*** Begin section ***

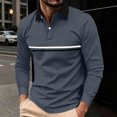 thumbnail image 2 of LODIENY Button Down Collared Golf Shirts for Men Long Sleeve Breathable Lightweight Casual T Shirt Color Block Slim Fit Basic Tops Gray XXXL, 2 of 6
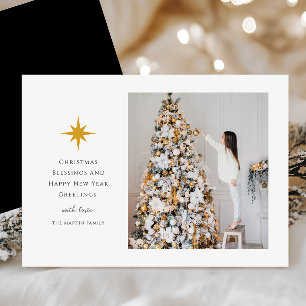 Simple Christmas Star Photo Black and White Holiday Card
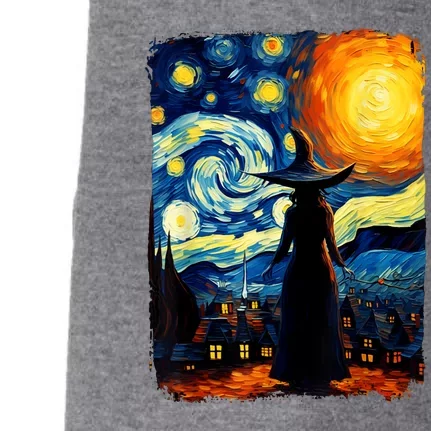 Witch Halloween Painting Starry Night Aesthetic Gift Doggie 3-End Fleece Hoodie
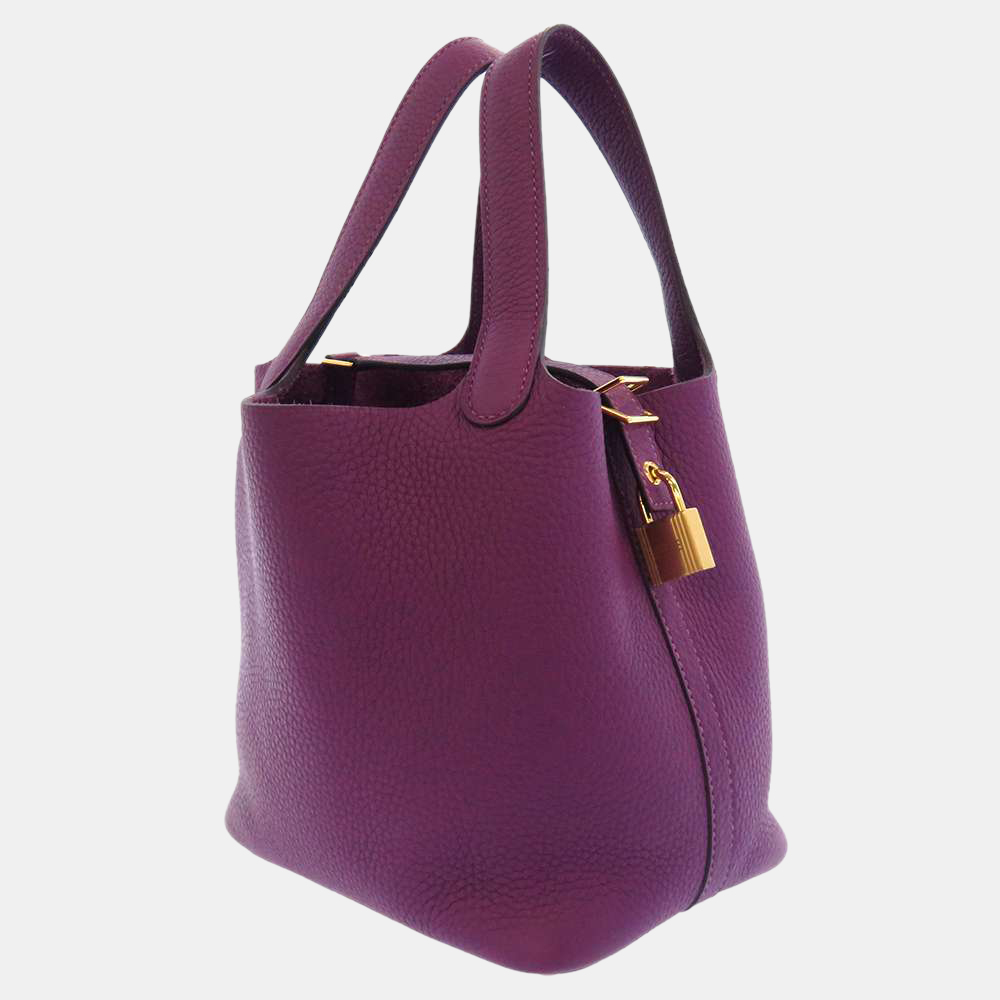 

Hermes Purple Taurillon Clemence Leather Picotin Lock PM Tote Bag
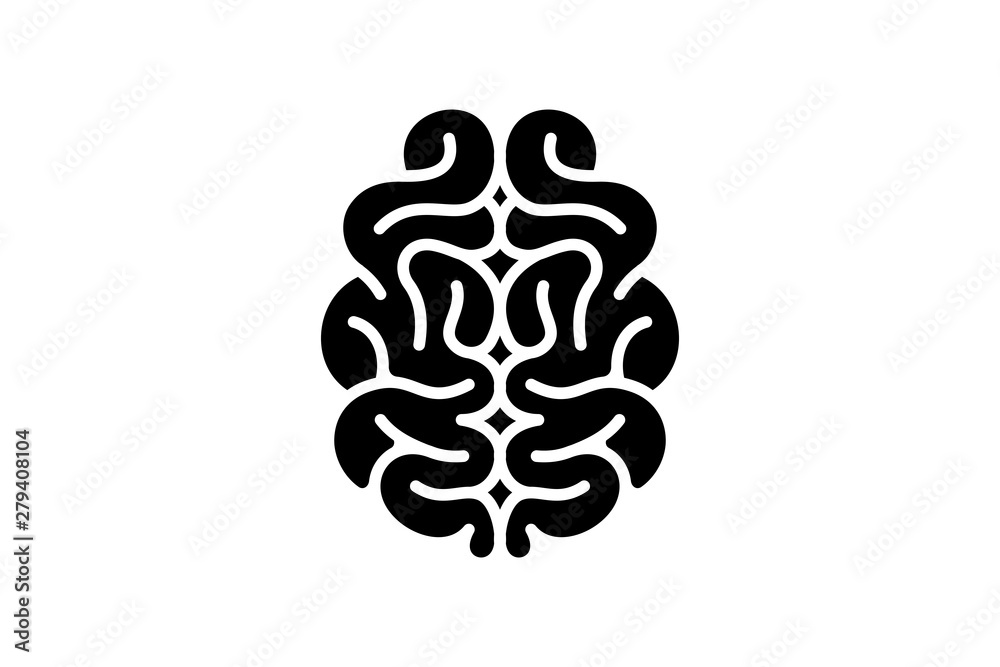 Brain intelligence mind sign. Central nervous system organ black icon. Vector symbol illustration Brain intelligence mind sign. Central nervous system organ black icon. Vector symbol illustration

*** End section ***

[Problem statement] With no pictures included, write out the entries exactly.

[Expected answer]
 thumbnail image 2 of LODIENY Button Down Collared Golf Shirts for Men Long Sleeve Breathable Lightweight Casual T Shirt Color Block Slim Fit Basic Tops Gray XXXL, 2 of 6
 Simple Christmas Star Photo Black and White Holiday Card
 Witch Halloween Painting Starry Night Aesthetic Gift Doggie 3-End Fleece Hoodie

Hermes Purple Taurillon Clemence Leather Picotin Lock PM Tote Bag
 Brain intelligence mind sign. Central nervous system organ black icon. Vector symbol illustration Brain intelligence mind sign. Central nervous system organ black icon. Vector symbol illustration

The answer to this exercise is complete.